▶ [Supplied material]:
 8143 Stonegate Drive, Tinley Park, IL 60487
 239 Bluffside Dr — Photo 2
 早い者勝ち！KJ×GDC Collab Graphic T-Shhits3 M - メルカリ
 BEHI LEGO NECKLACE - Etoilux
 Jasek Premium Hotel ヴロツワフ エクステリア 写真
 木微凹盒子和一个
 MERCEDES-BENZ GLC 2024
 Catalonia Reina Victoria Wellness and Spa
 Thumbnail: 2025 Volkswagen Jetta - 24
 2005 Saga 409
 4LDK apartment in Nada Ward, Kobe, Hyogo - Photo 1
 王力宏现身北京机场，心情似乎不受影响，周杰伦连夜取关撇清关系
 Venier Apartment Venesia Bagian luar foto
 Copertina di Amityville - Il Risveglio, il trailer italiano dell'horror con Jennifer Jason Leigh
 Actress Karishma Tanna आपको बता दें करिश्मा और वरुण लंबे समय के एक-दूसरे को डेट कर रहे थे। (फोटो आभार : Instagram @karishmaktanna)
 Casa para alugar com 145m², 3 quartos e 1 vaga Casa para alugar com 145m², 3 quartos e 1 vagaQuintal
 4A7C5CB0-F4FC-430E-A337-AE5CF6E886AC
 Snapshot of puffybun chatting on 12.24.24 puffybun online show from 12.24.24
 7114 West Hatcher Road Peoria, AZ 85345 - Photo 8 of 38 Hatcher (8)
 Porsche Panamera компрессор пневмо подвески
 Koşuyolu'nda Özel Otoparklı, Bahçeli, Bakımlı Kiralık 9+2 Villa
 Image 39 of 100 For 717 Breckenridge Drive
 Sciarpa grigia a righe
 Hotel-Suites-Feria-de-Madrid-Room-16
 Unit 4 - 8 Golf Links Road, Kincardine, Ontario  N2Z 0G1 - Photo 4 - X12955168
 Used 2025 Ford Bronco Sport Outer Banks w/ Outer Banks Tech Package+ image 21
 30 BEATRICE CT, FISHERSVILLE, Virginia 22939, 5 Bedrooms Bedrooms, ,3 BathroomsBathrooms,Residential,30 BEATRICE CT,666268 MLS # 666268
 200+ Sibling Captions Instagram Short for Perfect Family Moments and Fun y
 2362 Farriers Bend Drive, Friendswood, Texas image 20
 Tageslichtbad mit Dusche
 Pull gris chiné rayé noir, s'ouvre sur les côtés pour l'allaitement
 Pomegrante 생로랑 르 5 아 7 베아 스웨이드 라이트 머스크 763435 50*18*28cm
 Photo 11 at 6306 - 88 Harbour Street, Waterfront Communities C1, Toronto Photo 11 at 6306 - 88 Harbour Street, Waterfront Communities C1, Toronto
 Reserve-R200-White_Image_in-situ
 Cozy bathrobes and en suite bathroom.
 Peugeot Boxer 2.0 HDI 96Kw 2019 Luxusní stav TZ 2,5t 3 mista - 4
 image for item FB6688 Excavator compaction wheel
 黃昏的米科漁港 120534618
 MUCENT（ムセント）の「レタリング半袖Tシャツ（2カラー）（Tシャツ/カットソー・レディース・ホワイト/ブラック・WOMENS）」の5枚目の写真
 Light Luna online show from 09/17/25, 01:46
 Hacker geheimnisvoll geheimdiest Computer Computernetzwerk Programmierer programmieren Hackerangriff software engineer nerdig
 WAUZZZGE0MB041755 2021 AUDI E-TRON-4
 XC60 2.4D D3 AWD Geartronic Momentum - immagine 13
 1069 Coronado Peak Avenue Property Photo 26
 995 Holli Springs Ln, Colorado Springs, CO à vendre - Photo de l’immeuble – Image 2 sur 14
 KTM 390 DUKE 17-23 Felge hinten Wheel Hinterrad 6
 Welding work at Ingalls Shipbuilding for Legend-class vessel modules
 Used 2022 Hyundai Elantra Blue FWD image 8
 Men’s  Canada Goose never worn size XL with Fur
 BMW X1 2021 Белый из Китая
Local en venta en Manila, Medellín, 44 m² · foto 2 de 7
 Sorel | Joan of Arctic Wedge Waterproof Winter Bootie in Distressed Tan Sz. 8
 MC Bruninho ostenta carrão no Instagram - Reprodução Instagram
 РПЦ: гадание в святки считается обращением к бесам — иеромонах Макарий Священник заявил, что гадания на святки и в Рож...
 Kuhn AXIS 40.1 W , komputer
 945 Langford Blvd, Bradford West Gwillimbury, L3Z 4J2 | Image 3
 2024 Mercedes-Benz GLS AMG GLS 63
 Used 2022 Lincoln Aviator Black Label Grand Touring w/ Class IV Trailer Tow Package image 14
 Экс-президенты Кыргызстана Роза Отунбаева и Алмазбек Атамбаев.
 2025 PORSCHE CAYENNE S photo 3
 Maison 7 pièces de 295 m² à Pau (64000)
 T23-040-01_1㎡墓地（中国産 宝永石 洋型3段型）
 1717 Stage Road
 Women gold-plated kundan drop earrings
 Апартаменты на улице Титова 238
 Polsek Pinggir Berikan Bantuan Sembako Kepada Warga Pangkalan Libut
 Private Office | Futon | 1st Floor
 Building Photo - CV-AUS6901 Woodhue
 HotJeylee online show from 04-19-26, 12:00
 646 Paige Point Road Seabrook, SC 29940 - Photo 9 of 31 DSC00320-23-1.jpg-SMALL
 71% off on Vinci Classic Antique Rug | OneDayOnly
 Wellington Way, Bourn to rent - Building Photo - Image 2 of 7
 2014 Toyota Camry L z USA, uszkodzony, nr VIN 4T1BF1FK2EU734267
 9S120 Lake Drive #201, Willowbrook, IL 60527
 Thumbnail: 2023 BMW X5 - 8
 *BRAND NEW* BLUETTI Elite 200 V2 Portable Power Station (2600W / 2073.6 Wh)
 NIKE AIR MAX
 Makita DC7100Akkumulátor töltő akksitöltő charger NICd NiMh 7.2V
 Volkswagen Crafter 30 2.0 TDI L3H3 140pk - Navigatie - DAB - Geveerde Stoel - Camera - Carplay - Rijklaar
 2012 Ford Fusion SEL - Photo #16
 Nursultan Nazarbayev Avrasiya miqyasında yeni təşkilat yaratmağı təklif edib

▶ [What is being asked]: Scan the listing above and copy all lines containing the word "Drive".

▶ [Response to the exercise]:
 8143 Stonegate Drive, Tinley Park, IL 60487
 Image 39 of 100 For 717 Breckenridge Drive
 2362 Farriers Bend Drive, Friendswood, Texas image 20
 9S120 Lake Drive #201, Willowbrook, IL 60527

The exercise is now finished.